── Input material ──

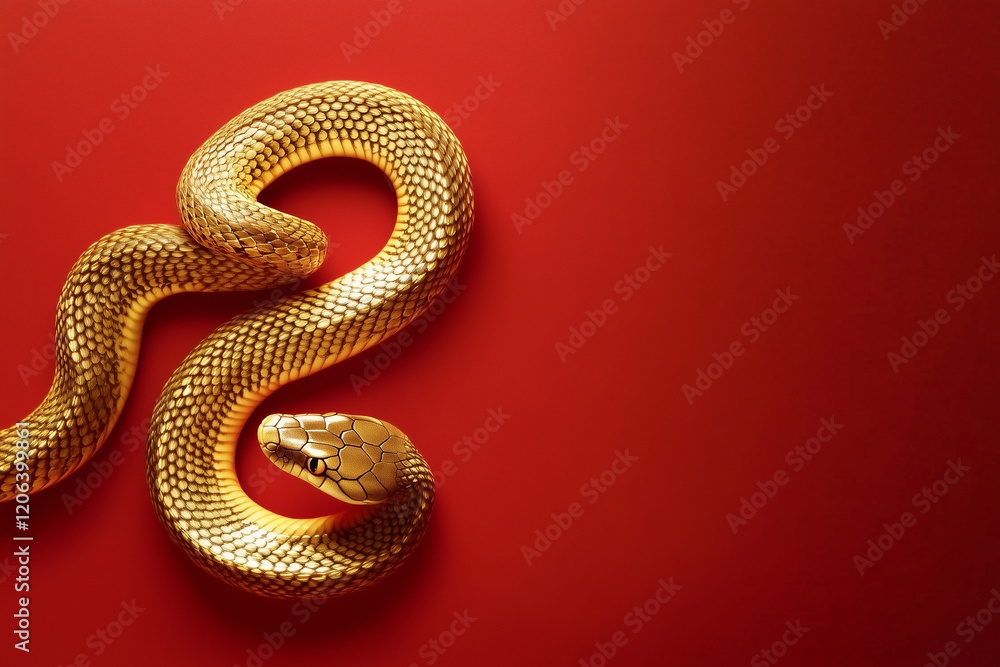 Obraz premium 3D gold snake on red background celebrating Chinese New Year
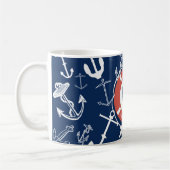 Nautical Monogram Navy Blue Anchor Beach House Koffiemok (Links)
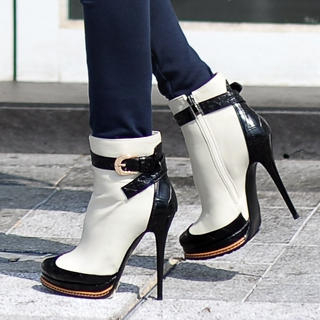 yeswalker Two-Tone Stiletto Ankle Boots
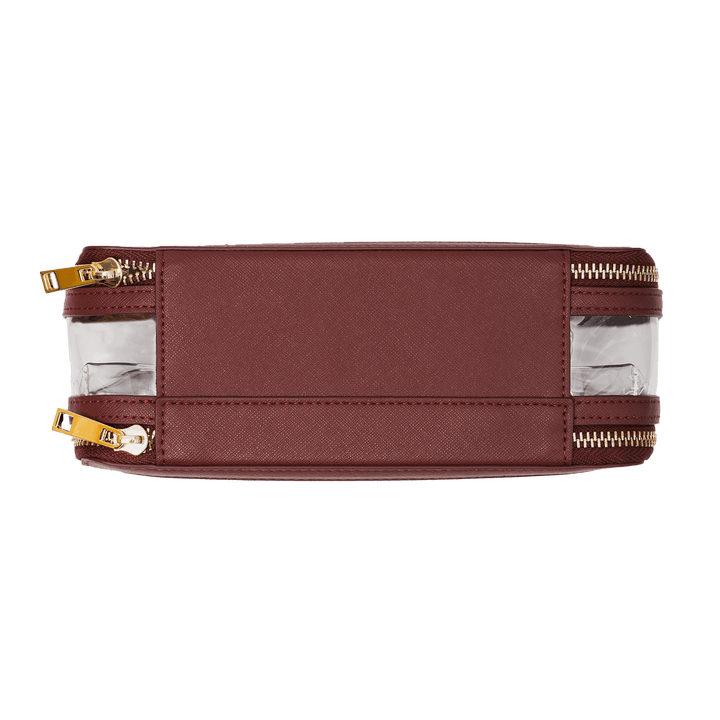 Saffiano Leather Makeup Pouch - Burgundy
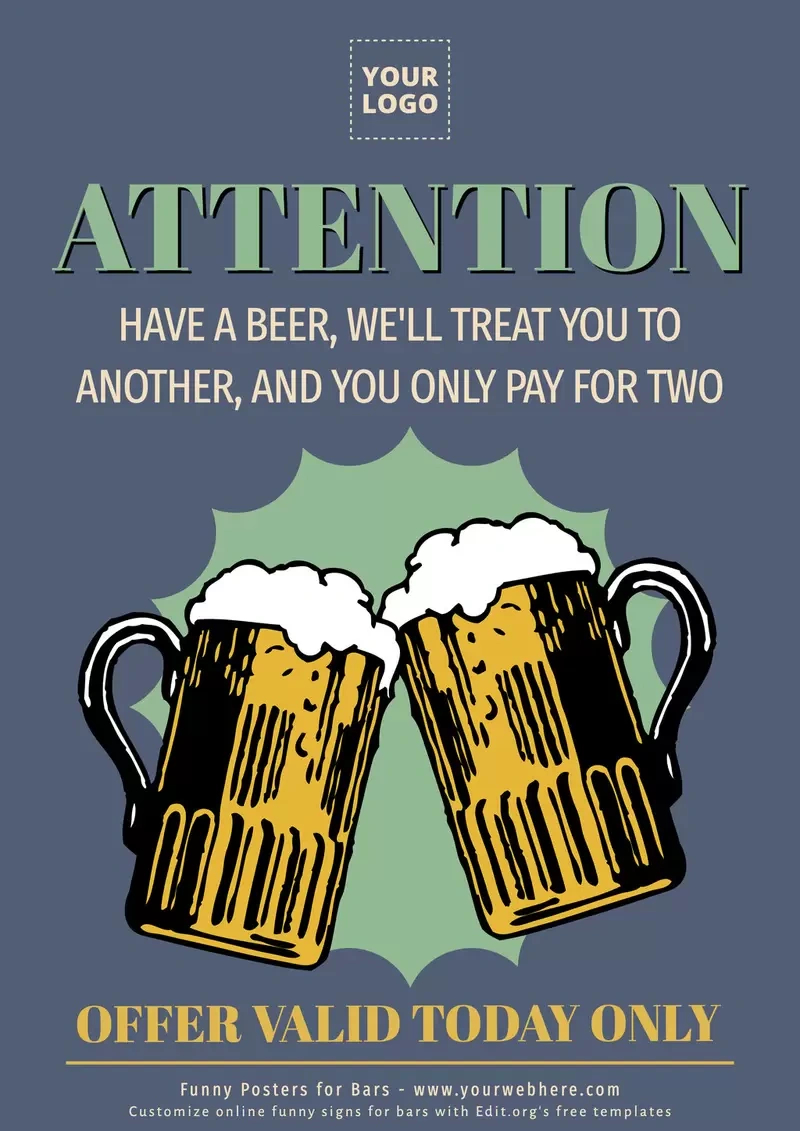 Creative Funny Bar Signs To Customize Online in Free Printable Funny Posters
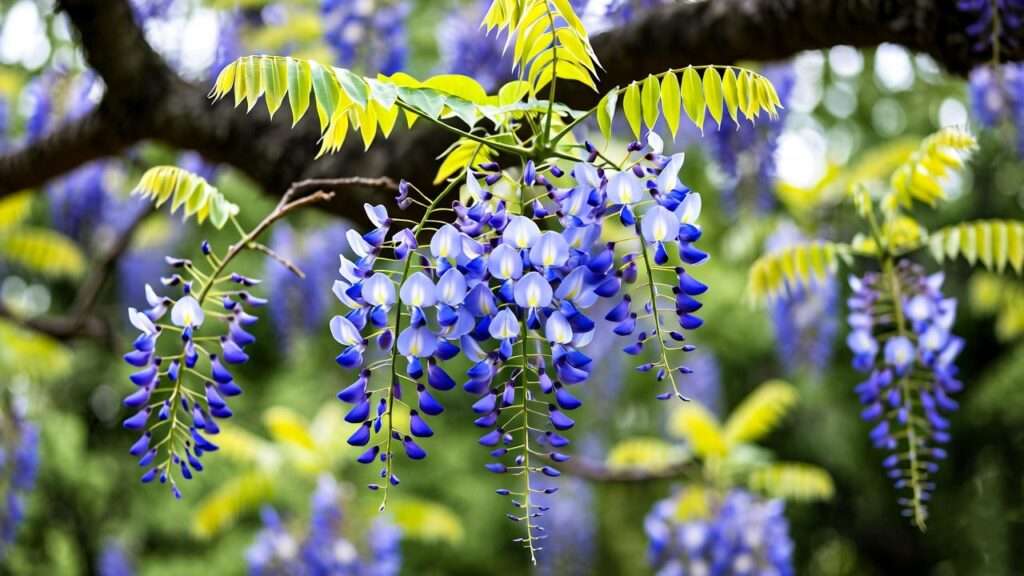 Tree with Blue Flowers -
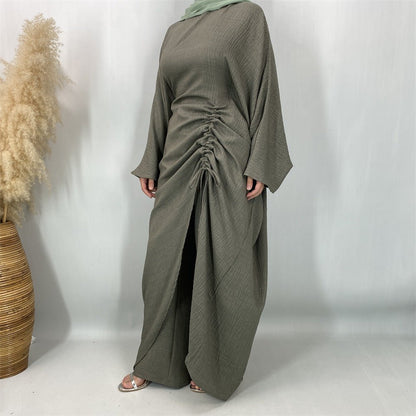 Ruched Drawstring Batwing Top & Wide-Leg Trousers Co-ord Set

───

■ Work instruction ■
What the answer must hold: all the data above, given again exactly, without pictures.

■ Answer to the exercise ■
 Obraz premium 3D gold snake on red background celebrating Chinese New Year
 Nautical Monogram Navy Blue Anchor Beach House Koffiemok (Links)
 yeswalker Two-Tone Stiletto Ankle Boots
 Saffiano Leather Makeup Pouch - Burgundy
 Creative Funny Bar Signs To Customize Online in Free Printable Funny Posters
 Tree with Blue Flowers -
 Ruched Drawstring Batwing Top & Wide-Leg Trousers Co-ord Set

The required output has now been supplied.